There is also the issue of computed data being an error to "set", but if you're using this one-way-flow pattern, then even your ordinary stored data should be an error to set from its access interface. So this is not a real difference either.

(And to continue the examples above, you could provide methods elsewhere capable of setting the data; you could even have a set method for each format, if necessary converting the provided value to the format it wanted to store, or changing its mind at that time about which format it did want to store for that object.)

Yomguithereal commented 9 years ago

Hello @oresmus. This is very interesting. Thanks. I feel that some points you raise here are at the center of Cerebral's philosophy (@christianalfoni). I am very happy to see you vouch for the homogeneity of access interface for stored/computed data because I was currently doubting some things about this.

Concerning the final part, this is what I try to achieve with the current v2 implementation and does make sense to me also.

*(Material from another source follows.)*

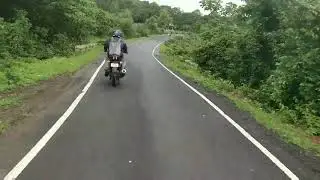 Bike ride to Khandi Waterfall near Pune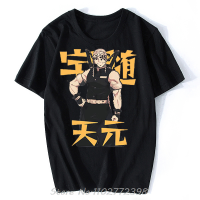 ผู้ชายคุณภาพสูง Anime Demon Slayer เสื้อยืด Tengen Uzui Manga Graphic Tshirt Streetwear ผู้ชายผู้หญิงผ้าฝ้ายสบายๆเสื้อยืดขนาดใหญ่ Top Tees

Yomguithereal commented 9 years ago

I will take some time to ponder your text some more and will be back with more feedback if you want to develop on this discussion.

AutoSponge commented 9 years ago

I'm using cursors and facets interchangeably in my views (where I don't need to set). This is all I needed to do: const data = (e && e.data) ? e.data.data : e.target.get(); If you want to unify the interface, just start with that but IMO it's trivial to wrap it.

Having built an entire app with Baobab and something other than React, I can say I prefer having the distinction between facets and cursors. I know cursors are inherently "unsafe" because they can be a source of mutation. My views only declare cursors for data they can update (from user intents). Otherwise, it's common to see something like this at the top of a view: const {user$, entry$, page$} = appModel.facets;

Lastly, as I mentioned before, eventemitters are the backbone of streams and therefore can become streams if the implementor wishes. There's no reason to force streams/observables. Just create a wrapping lib that delivers streams or promises or whatever.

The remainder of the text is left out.